My wife and I flew out of Reagan Thursday afternoon and noticed the new lines which, for now at least, are noticeably shorter. Given that we fly quite often and can afford the $128 we’ll almost certainly get them, although enough people in the DC area fit that description that I wouldn’t be surprised if the standard lines don’t soon become shorter.

It is, however, a questionable concept. The government requires that people give up their 4th Amendment rights against unreasonable searches in order to fly on commercial airlines on the grounds that they have no idea which of us are potentially terrorists. The government then charges a fee to allow people to prove that they’re not criminals and skip part of the line. There’s something vaguely un-American about this.

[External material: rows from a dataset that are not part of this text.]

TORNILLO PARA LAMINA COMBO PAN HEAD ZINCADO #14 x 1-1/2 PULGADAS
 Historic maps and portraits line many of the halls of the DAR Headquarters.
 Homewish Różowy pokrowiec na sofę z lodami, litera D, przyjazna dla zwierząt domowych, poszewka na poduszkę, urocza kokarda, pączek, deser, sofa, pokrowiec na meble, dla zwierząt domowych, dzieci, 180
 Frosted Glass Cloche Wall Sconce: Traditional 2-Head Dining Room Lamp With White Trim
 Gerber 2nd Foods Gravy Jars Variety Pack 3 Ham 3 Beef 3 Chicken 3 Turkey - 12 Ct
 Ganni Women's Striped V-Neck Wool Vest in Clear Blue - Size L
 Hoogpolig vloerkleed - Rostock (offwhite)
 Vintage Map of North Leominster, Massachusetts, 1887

This is compounded by the fact that the government doesn’t allow people with military ID or who otherwise have actual security clearances to bypass said lines, which leads me to think that this is about collecting the $128 rather than ensuring security. That view is enhanced by the fact that no security check that could be accomplished for $128 will do anything other than demonstrate that the person in question is not a wanted felon or on a terrorist watch list. That’s a screening that all of the 9/11 hijackers would have passed.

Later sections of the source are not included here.